A Catholic Framework for Economic Life

U.S. Bishops

1996

 

Office of Social Development & World Peace
National Conference of Catholic Bishops/United States Catholic Conference
3211 4th Street, N.E., Washington, DC 20017-1194 (202) 541-3000

Legislative Action

In November, 1986, the Catholic bishops of the United States issued a landmark pastoral letter on the U.S. economy called Economic Justice for All. It challenged our nation to put concern for the poor and vulnerable and pursuit of the common good at the center of our economic life.

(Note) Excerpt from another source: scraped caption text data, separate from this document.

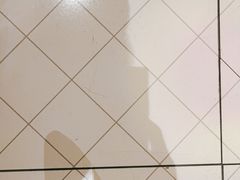 -快活大茶楼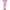 Pink Legging for Women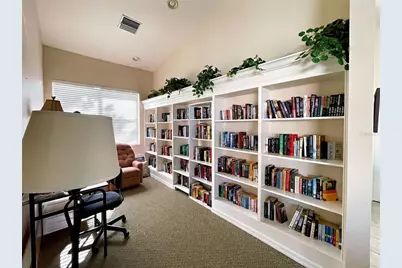 9102 L Pavia Boulevard #9102, Venice, FL 34292 - Photo 40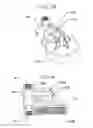 Fig. 05 - System and method for processing liquid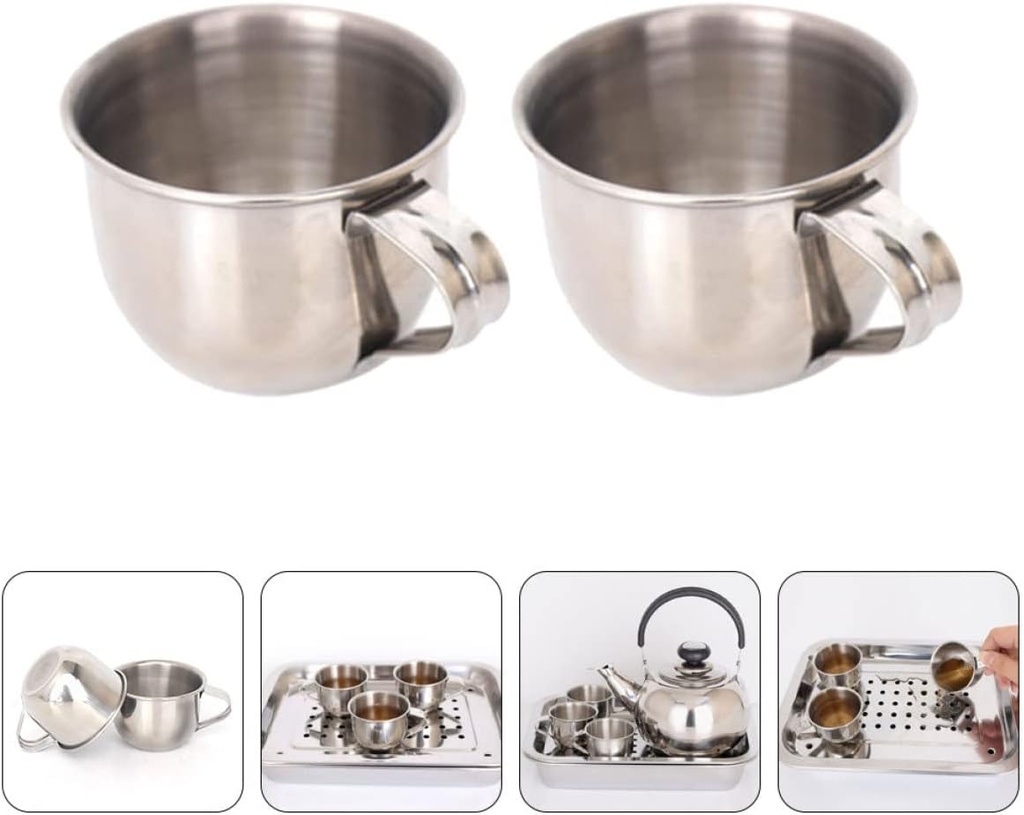 gleavi-4sets-stainless-steel-sake-cups-w-4.jpg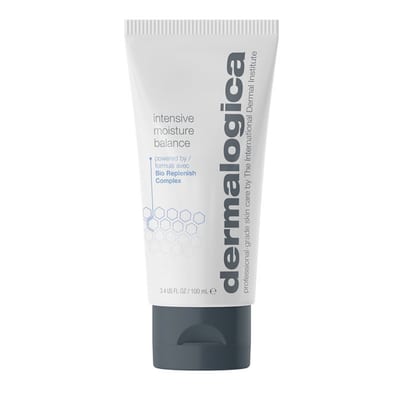 Dermalogica Dermalogica Intensive Moisture Balance 100ml - Restorative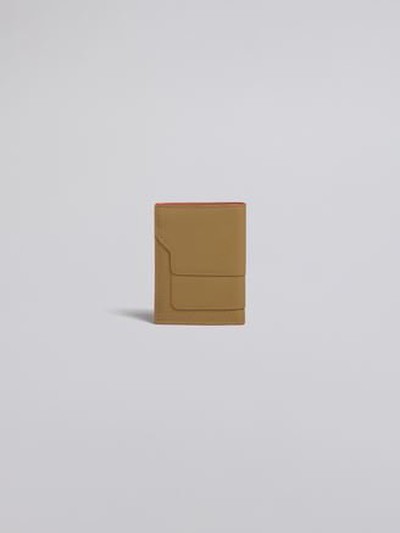 Marni - Wallets & Purses - for WOMEN online on Kate&You - PFMOQ14U07LV520Z418R K&Y13492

Ten years later as they marked the pastoral letter's anniversary, the bishops recognized that while our economy has changed dramatically, the challenges facing us are no less compelling, and the principles they outlined ten years ago are no less important. At a time of growing national attention on such issues as globalization, income stagnation, and increasing wage disparities, the Catholic tradition of ethical reflection on economic issues has much to offer. In November, 1996, the bishops issued a brief ten-point summary of Catholic teaching on the economy titled A Catholic Framework for Economic Life. They called on the Catholic community to share these ten principles as broadly as possible.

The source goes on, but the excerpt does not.